Sinicization of Tibetans and Tibetan Buddhism: Fact or fancy


The recent much hyped news about the transformation of Tibetan Buddhism, namely Tibetan Buddhist Studies, into that of China’s version or adapted into the needs as per the party’s propaganda tools, for its hypochondria of sky-falling paranoia of detecting a more powerful attraction above it and its shallow philosophical grounds, as could be learned from the suppression of Falun Gong movements or sect throughout China, what could be so confidently presented just as a generality is that Tibetan Buddhist Studies (Science of thoughts and emotions to its arrays of knowledge fields including, as the major factors, ontology, epistemology and training of minds) is so much or far above socialistic ideals brimming just along a blurry horizon of just perorating but not of praxis, for being a commoner, self-interested one. We have far sounder evidence related to coherentism, shared knowledge that can be postulated so much by why a Westerner is that interested in our mindfulness training (physical body, feelings, core mind, and the reality), and heuristic approaches for self-liberation first. 

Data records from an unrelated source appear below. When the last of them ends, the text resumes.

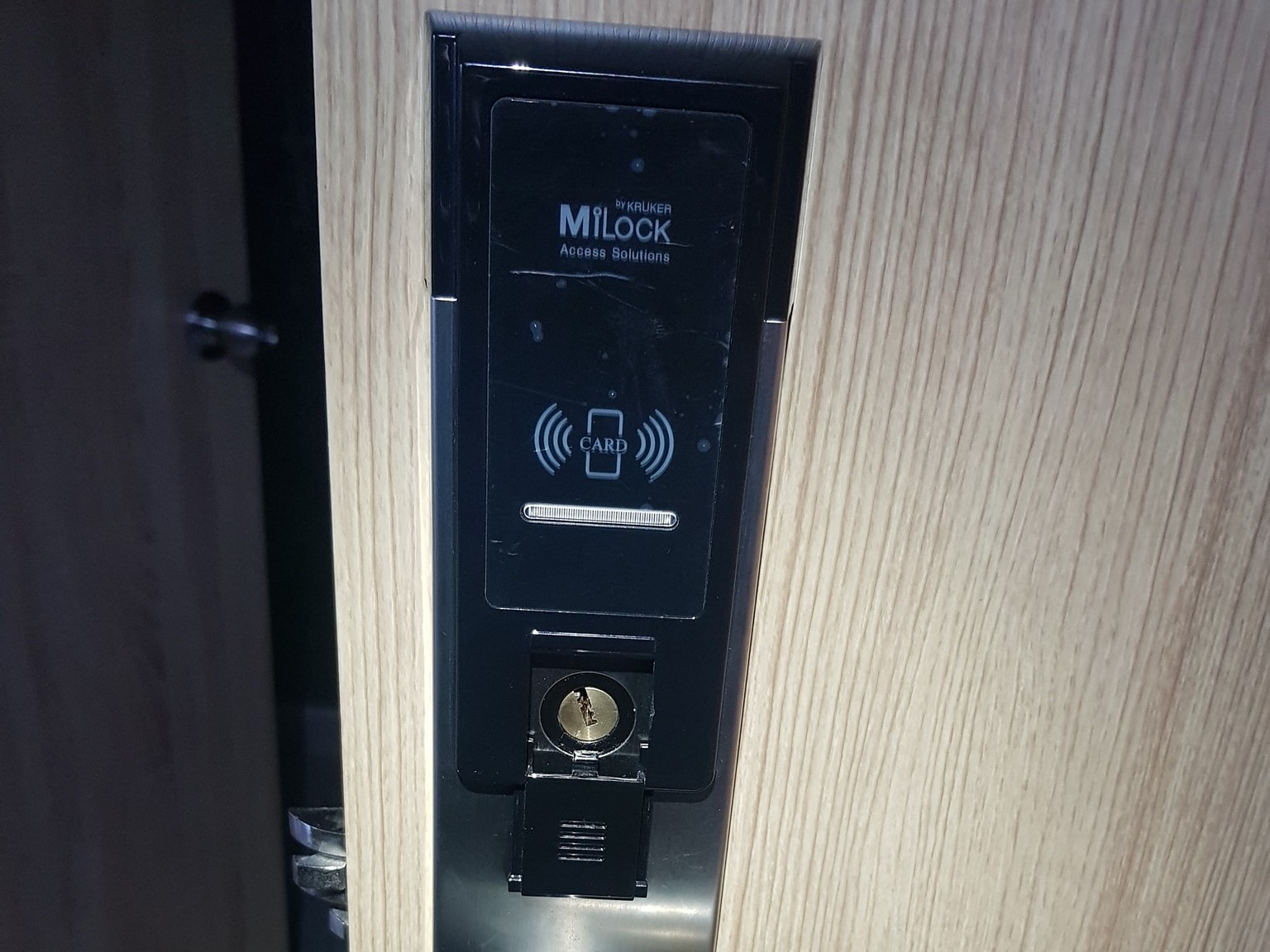 กุญแจ-door-lock-1
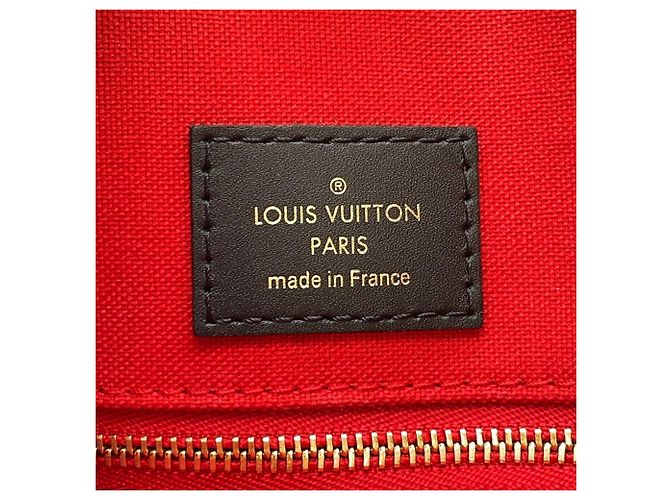 Borsa Tote Louis Vuitton Monogram Reverse Giant OnTheGo MM Rosso - vista 16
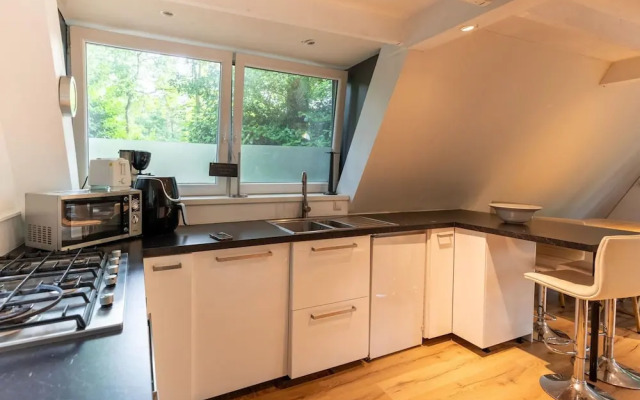 Lanaken Lakeside Cabin Stay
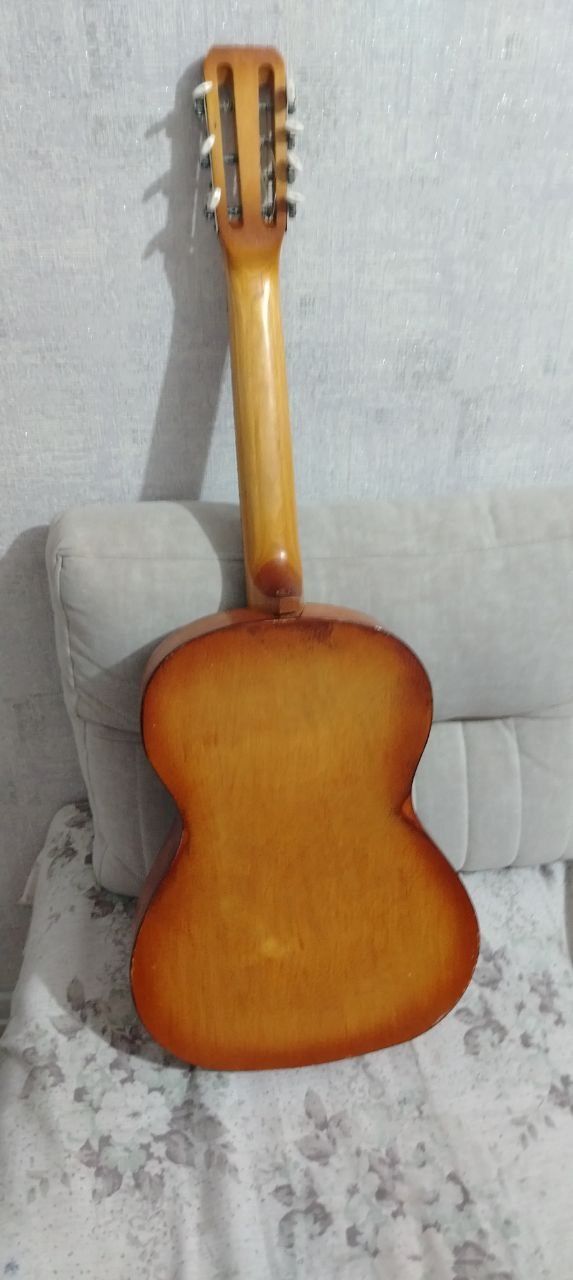 Gitara sotiladi sovetskiy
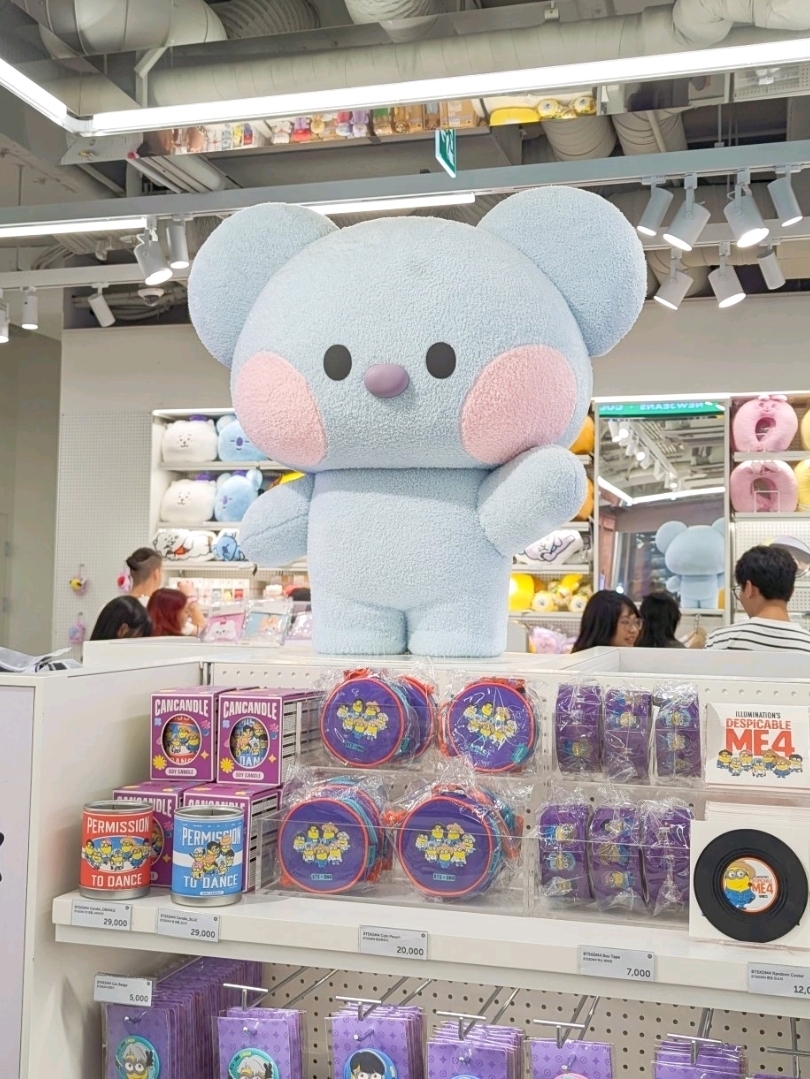 🇰🇷明洞🧸Line Friends Square🐤 | Trip.com ソウル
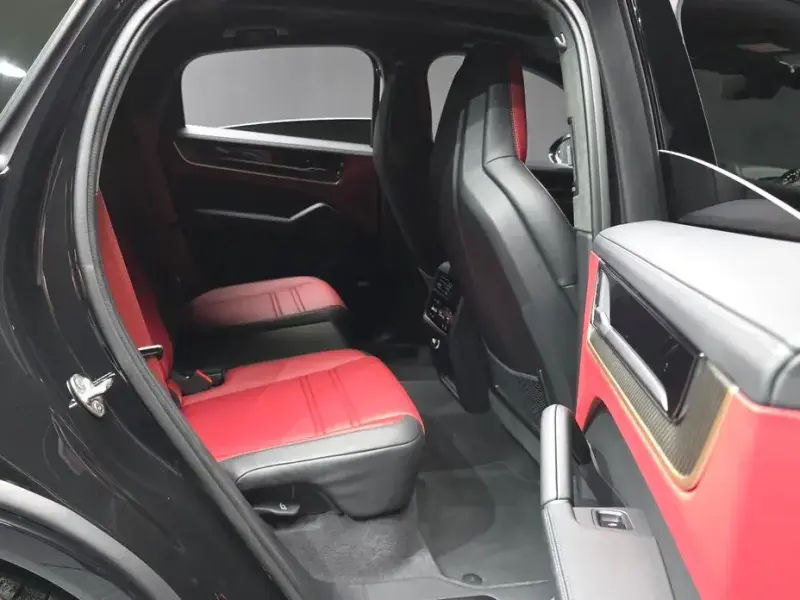 2025 Porsche Cayenne с пробегом 4 531 км
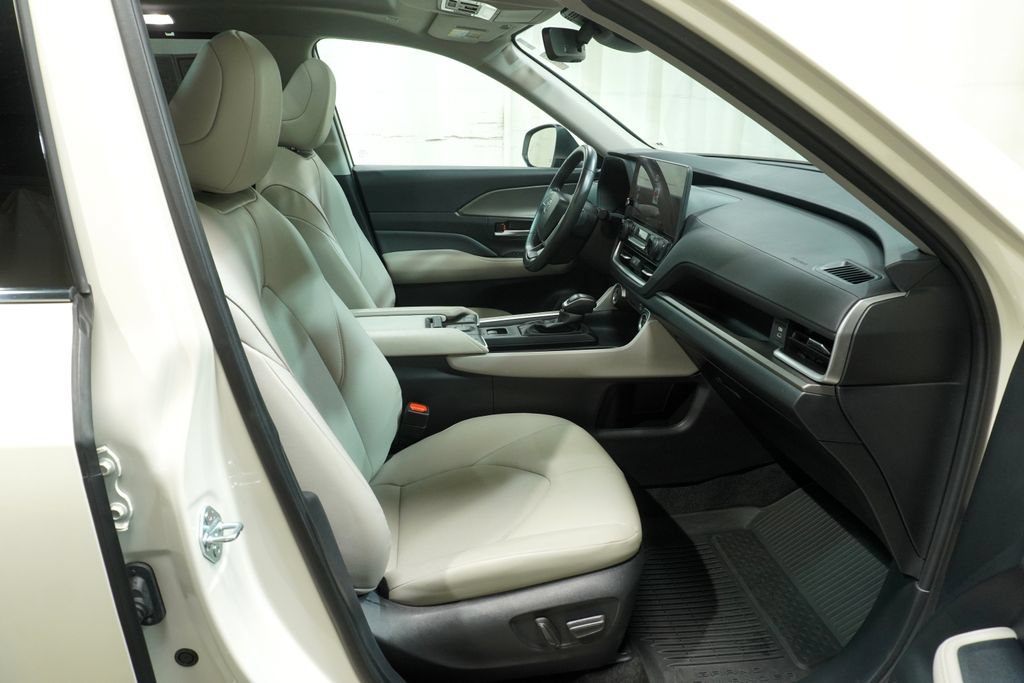 Used 2024 Toyota Grand Highlander AWD image 12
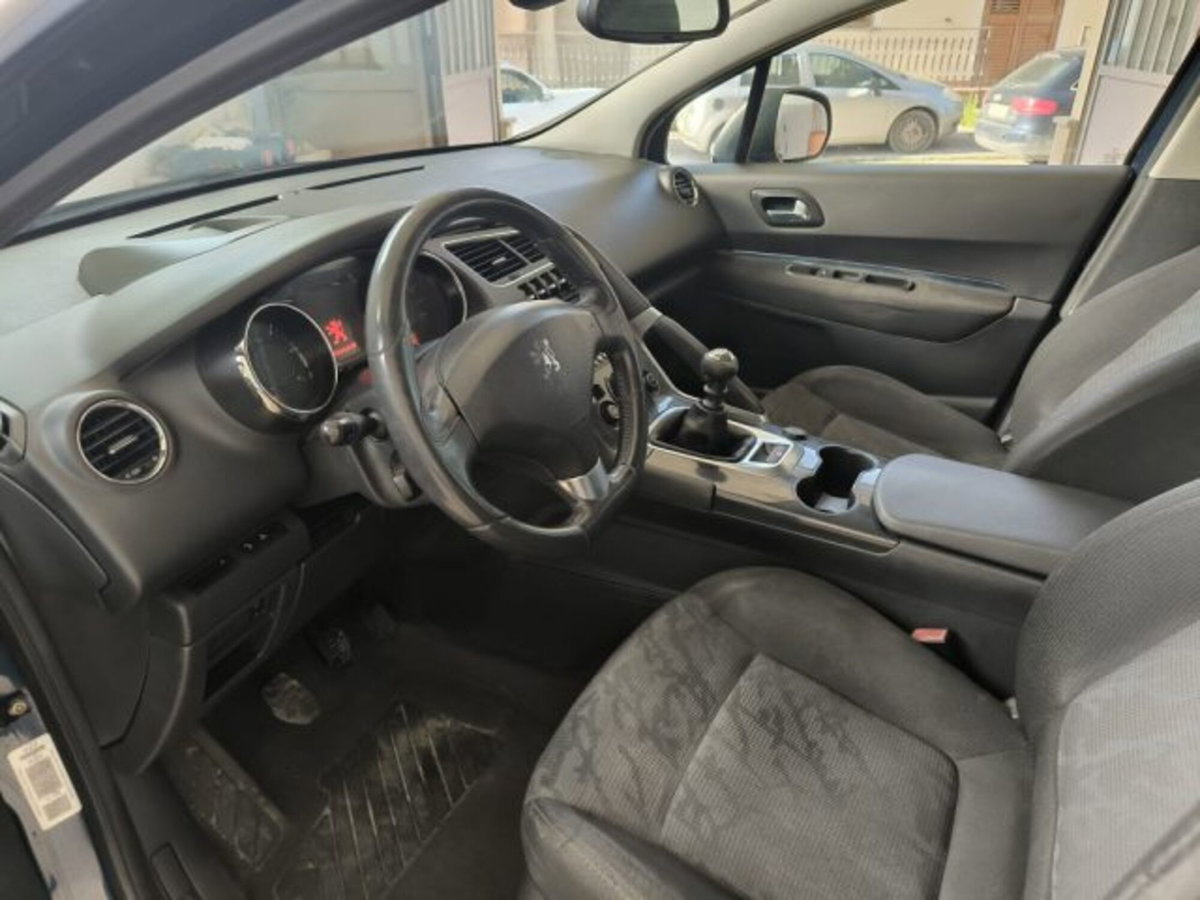 Peugeot 3008 1.6 HDi 112CV Tecno (5)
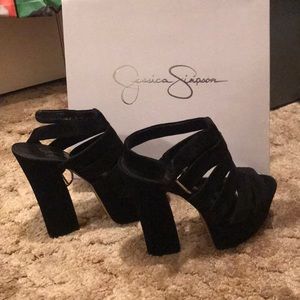 Jessica Simpson platform heels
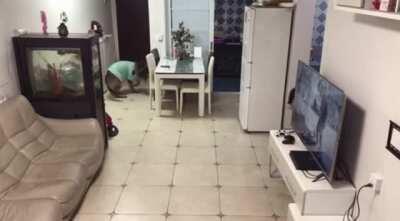 Good boi warns kids to flee the scene before dad comes home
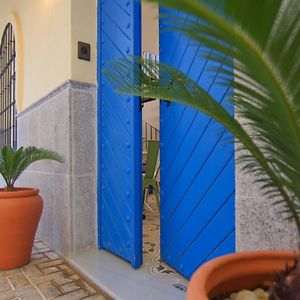 Mara's Apartments Casita La Mar - Primera Linea de Playa - El Bajondillo Torremolinos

But the sinicization of Tibetans, though being more than farfetched, is an interesting matter, granted that a commoner’s mind can be lured by mundane pleasures or this-life-related, matter-of-fact glitter and glamor, so obtainable, if one could betake oneself to the fray. Then, despite stark impossibility, once formed and molded as a hardy cast as thus, as a run-of-the-mill Chinese now, China could arm herself with the highest altitude dwelling legion of brave herders of warrior instinct. We had been merciless once. Mark it! 


While jotting it down, these odd notes, I happen to get struck with a sudden thought. What, could my late  beloved mother have ever envisioned his only son could be that cranky, staying in an alien land as a guest, trying to convey his deep seated feelings through an extrinsic means of expression? So unfortunately, the first alphabet I learned back then when I was seven was ABCD rather than ཀ་ཁ་ག་ང་།, ABCD each displayed on a smooth square wooden card by a Bhutanese English teacher, maybe named Sir Mencha, for us, the snotty village lads on the plank floor, to be identified by pronouncing it aloud. The crude, axe-hewn, weathered dark wooden shingles roofed oblong shack housing some four classes, with a balustraded verandah of wooden balusters raised from the ground level reached by wooden steps on its either end; it stood just at the foot of a scrubbed over hummock, with the strays of bushes at hand’s reach from the back windows: I am ephemerally once there, when she lived.